Demand for hybrid HDDs, which combines an SSD with older HDD technology, is also expected to increase.

"Use of these new thin HDDs and hybrid HDDs will proliferate because these devices are smaller in size and have the capability to improve overall storage performance— important variables in an age that emphasizes smaller form factors as well as optimal speed at affordable prices," said Fang Zhang, storage systems analyst at IHS.

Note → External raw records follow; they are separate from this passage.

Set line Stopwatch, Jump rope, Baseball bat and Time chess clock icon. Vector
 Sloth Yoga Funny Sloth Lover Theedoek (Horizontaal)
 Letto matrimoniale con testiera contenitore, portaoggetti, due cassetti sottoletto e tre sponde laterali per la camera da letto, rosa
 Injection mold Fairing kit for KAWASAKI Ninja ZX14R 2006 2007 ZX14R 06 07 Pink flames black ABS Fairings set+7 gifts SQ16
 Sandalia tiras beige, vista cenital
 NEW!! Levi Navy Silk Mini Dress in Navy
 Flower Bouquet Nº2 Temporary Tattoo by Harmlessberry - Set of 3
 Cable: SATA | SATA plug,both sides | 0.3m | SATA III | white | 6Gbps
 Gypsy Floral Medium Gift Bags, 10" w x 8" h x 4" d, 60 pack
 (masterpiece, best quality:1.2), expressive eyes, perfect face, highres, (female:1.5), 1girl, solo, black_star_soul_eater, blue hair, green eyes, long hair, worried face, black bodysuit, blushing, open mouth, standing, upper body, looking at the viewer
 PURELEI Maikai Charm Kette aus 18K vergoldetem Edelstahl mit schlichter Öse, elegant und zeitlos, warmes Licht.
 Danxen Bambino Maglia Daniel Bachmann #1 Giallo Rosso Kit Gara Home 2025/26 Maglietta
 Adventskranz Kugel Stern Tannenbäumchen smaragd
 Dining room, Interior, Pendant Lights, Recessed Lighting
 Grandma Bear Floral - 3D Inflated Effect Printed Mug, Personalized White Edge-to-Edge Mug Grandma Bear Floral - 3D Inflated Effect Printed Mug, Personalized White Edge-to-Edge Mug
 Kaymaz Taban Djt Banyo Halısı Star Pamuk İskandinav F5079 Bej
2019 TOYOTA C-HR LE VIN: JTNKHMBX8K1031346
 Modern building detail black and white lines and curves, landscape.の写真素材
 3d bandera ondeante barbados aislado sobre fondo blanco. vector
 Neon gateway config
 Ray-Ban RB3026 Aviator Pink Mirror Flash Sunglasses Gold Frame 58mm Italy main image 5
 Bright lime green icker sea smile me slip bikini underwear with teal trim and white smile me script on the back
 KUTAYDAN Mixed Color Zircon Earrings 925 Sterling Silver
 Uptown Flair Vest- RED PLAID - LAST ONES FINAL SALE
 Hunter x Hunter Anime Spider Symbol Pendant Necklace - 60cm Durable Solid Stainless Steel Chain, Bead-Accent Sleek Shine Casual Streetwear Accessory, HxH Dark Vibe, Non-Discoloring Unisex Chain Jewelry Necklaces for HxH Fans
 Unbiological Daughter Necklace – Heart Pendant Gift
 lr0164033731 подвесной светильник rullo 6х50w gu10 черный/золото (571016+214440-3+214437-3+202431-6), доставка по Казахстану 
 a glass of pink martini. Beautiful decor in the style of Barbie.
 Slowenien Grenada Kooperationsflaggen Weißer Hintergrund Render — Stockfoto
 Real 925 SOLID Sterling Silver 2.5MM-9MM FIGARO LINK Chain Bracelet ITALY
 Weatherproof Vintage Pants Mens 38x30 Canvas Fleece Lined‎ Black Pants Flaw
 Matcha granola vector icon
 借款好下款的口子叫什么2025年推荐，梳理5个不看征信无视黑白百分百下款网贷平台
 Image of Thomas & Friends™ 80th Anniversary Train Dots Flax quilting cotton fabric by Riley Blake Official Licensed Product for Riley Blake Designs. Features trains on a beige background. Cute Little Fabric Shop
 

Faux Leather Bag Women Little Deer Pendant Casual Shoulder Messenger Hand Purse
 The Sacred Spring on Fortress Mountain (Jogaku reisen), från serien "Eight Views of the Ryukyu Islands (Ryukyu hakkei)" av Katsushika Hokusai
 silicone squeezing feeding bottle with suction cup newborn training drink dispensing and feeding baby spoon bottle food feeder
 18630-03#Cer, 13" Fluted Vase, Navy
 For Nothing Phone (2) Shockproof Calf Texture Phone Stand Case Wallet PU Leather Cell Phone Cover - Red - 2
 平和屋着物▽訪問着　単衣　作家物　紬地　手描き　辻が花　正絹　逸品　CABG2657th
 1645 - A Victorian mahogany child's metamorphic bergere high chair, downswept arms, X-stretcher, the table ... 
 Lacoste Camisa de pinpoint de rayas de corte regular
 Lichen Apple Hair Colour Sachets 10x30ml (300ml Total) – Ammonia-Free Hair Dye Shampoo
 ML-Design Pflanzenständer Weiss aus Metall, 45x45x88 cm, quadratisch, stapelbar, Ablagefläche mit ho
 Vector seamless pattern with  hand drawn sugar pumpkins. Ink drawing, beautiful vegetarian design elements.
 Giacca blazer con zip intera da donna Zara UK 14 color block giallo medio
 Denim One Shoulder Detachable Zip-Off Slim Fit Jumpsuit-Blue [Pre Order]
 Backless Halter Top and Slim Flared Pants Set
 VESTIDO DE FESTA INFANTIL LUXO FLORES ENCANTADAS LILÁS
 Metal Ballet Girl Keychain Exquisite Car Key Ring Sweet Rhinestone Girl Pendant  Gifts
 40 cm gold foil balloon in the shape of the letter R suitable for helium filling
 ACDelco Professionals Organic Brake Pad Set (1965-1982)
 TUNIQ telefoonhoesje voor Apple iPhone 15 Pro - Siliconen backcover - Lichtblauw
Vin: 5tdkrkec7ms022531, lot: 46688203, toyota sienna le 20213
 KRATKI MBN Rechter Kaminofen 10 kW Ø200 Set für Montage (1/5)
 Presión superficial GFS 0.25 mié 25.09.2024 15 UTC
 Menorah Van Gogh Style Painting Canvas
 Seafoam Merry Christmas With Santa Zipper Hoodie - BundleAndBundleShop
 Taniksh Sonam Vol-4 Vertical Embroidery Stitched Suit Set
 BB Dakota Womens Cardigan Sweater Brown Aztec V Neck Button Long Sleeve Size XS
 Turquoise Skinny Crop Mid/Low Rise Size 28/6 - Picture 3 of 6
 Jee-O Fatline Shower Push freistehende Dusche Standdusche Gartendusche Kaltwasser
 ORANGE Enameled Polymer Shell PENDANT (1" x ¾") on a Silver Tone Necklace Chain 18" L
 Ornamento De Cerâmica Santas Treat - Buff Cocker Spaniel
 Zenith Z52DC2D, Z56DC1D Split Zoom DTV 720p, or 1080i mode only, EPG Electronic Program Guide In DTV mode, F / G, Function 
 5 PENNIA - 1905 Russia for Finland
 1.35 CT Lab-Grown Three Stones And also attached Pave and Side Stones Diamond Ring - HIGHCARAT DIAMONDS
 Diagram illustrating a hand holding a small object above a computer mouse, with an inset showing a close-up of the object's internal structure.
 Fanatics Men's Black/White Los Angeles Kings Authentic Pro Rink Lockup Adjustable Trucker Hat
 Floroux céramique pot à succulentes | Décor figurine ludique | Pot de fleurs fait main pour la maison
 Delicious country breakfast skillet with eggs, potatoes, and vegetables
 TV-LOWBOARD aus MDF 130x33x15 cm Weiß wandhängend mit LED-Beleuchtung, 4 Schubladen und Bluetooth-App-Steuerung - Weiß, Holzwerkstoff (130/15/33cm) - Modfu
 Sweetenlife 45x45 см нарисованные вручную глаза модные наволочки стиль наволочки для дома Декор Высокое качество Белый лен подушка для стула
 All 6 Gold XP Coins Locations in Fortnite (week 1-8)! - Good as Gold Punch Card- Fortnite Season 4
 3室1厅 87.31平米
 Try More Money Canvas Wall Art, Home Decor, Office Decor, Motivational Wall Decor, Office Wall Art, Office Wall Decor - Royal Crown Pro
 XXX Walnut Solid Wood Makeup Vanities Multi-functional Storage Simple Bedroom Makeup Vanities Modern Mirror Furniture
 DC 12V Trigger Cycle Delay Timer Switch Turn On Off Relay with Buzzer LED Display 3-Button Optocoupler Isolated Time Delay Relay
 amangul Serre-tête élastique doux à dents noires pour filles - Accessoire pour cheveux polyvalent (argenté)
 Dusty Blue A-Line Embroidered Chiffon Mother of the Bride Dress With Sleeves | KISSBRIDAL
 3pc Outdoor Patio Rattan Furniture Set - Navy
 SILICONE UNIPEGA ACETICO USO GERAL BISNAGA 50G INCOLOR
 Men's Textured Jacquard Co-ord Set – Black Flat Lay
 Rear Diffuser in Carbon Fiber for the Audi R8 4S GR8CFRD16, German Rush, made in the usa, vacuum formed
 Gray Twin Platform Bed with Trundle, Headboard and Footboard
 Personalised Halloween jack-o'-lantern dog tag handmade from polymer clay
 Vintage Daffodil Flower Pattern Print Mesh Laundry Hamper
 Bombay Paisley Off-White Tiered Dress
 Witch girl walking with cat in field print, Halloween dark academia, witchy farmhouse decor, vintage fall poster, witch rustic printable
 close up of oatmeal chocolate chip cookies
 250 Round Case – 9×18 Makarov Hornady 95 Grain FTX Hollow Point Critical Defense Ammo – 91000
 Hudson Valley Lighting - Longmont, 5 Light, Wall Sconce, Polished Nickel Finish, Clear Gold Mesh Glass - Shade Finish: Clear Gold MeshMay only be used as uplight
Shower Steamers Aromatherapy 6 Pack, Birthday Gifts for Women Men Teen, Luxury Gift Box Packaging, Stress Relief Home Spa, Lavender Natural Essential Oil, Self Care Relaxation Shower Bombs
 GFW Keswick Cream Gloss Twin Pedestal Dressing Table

"Both the thinner HDDs along with solid-state hybrid drives (SSHD) could even start finding acceptance in ultrathin PCs and tablet PCs—two products that now mostly use solid-state drives as their storage element. Hard disks have lost market share to SSDs, which offer better performance and can be more easily used to achieve a thinner and lighter form factor crucial to tablets and ultrathin PCs."

This year, total SSD shipments will increase by almost 90 percent to 64.6 million units. Compare this to HDD, where shipments are expected to decline 5 percent to 545.8 million units. However, IHS believes that the new and thinner HDDs could help stem losses of hard disks, especially if "their costs can fall to 10-15 percent of a tablet or to 10-20 percent of an ultrathin PC," IHS believes.

All three of the storage players – Western Digital, Seagate, and Toshiba – either have, or are expected to have, thin HDDs and SSHD on the market, ready to take advantage of this wave.